→ **What the task asks**
Each line of the entries, from the first to the line containing "a view of an", is to be transcribed exactly as it stands; include no other lines.

→ **Provided records**
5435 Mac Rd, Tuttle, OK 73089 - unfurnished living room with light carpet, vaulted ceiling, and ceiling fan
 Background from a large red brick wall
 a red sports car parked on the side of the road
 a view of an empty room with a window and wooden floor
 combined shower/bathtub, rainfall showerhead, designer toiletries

→ **Output for this exercise**
5435 Mac Rd, Tuttle, OK 73089 - unfurnished living room with light carpet, vaulted ceiling, and ceiling fan
 Background from a large red brick wall
 a red sports car parked on the side of the road
 a view of an empty room with a window and wooden floor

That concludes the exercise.